Dopo l’intervista di NenaNews del 14 febbraio 2018 sul medioriente a Chiara Capretti, esponente napoletana del PaP, in cui la stessa esprimeva considerazioni inaccettabili sulla Siria (e non solo), il nucleo di Napoli sentì urgente l’invito ad un confronto pubblico pre-elettorale, che facesse piazza pulita della solita disinformazione ad opera dei pro-Asad. Nell’organizzarci per questo confronto, ci siamo visti riproporre il consueto verticismo, con Monti e Rouheia che da Roma dettavano “istruzioni” sul come, cosa, quando e con chi fare quell’incontro. Tutto ciò non in un clima di collaborazione e sostegno reciproco, ma con metodi e toni dirigenziali, con l’aggravante di più o meno chiara indicazione di voto: chi sa di essere letto e seguito da un gran numero di persone in merito alla Siria, dovrebbe astenersi dall’attribuire a sigle come “PaP” fantasiose potenzialità di comprensione dei processi arabi, soprattutto considerata la chiarezza delle posizioni di “PaP” in merito alla rivoluzione siriana.

Tutto quello che è venuto dopo è stato un susseguirsi di pratiche di isolamento e demonizzazione di coloro che porgevano argomentazioni contenutistiche, definite “paranoie” da chi oggi fa parte di una enclave chiusa che obbedisce acriticamente a quello che è diventato un vero e proprio vertice.
E a chi vaneggia di una nostra presunta rinuncia al chiarimento, rispondiamo che il nostro riferimento non è e non sarà mai un enclave addomesticata a manovre politiche e verticistiche, ma gli attivisti, la società civile e quei soggetti politici/informativi/umanitari che non intendono piegarsi alle logiche fin qui denunciate.

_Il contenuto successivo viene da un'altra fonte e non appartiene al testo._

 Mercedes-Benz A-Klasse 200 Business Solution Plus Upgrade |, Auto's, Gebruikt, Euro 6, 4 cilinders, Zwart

La rivoluzione siriana come processo di autodeterminazione tuttora in atto, nato sulla scia delle primavere arabe, ha scardinato schemi politicisti che comprimevano la comprensione del potenziale delle lotte dal basso, in quelle regioni dove il dominio globale si esprime in modo più forte. La repressione di quelle lotte da parte dei regimi e degli Stati dimostra che la sola lettura “anti-imperialista” e geopolitica (nel senso convenzionalmente dato ai termini) non può bastare a spiegare e a fare emergere gli interessi che gli stessi oppressori condividono con l’Occidente. Perciò riteniamo che cadere nella trappola elettorale (cosa che sta accadendo proprio negli ultimi giorni) significa rischiare di consegnare definitivamente il dibattito nelle mani dei detrattori delle lotte arabe e delle popolazioni in generale, e di tornare indietro di sette anni.

Pensiamo che il patrimonio teorico e di lotta che fino ad ora abbiamo elaborato vada salvaguardato, rilanciato e sviluppato, e che il metodo di questo percorso debba necessariamente essere coerente con il fine.

Siamo pronti a ripartire da questo, rimboccandoci le maniche, e accogliendo tra noi chiunque sia mosso dalla stessa sensibilità umana e politica. Noi non aspetteremo il “dopo 4 marzo” per denunciare chi da sette anni sta massacrando una intera popolazione; ma soprattutto non rispetteremo l’agenda di chi da sette anni si è reso complice del massacro.